*Data shown*
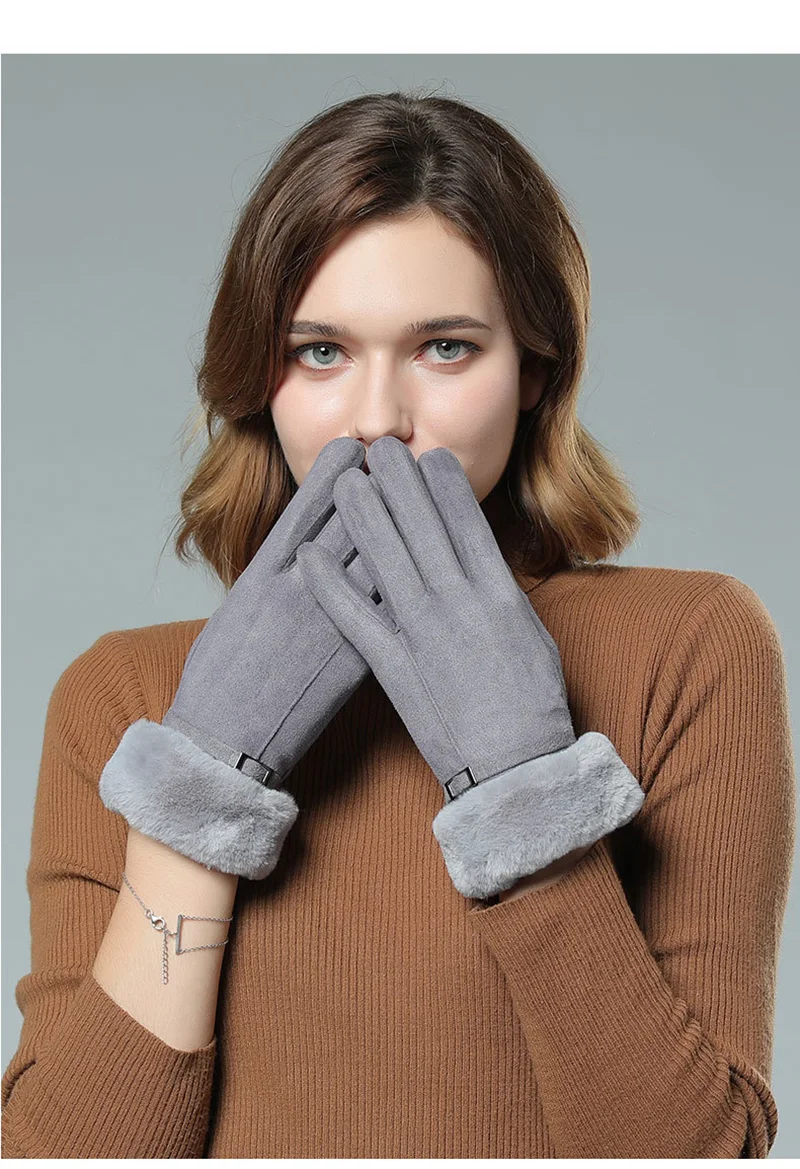 

Simple buckle touch screen warm gloves female winter suede double layer plus velvet thickening riding touch screen gloves C56A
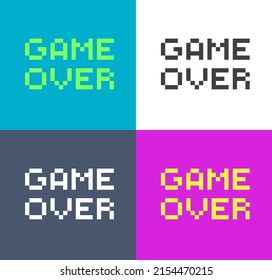 Cartoon Color Pixel Game Over Inscription Set on a Different Background Flat Design Style Concept. Vector illustration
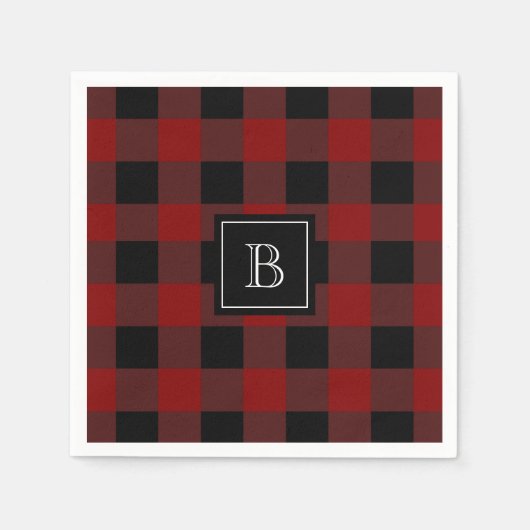 バッファロー素朴プレイドパターンモノグラムのイニシャル スタンダードカクテルナプキン (正面)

*Description of the task*
Please copy out each line above exactly as written, but not the pictures.

*Output of the task*
Simple buckle touch screen warm gloves female winter suede double layer plus velvet thickening riding touch screen gloves C56A
 Cartoon Color Pixel Game Over Inscription Set on a Different Background Flat Design Style Concept. Vector illustration
 バッファロー素朴プレイドパターンモノグラムのイニシャル スタンダードカクテルナプキン (正面)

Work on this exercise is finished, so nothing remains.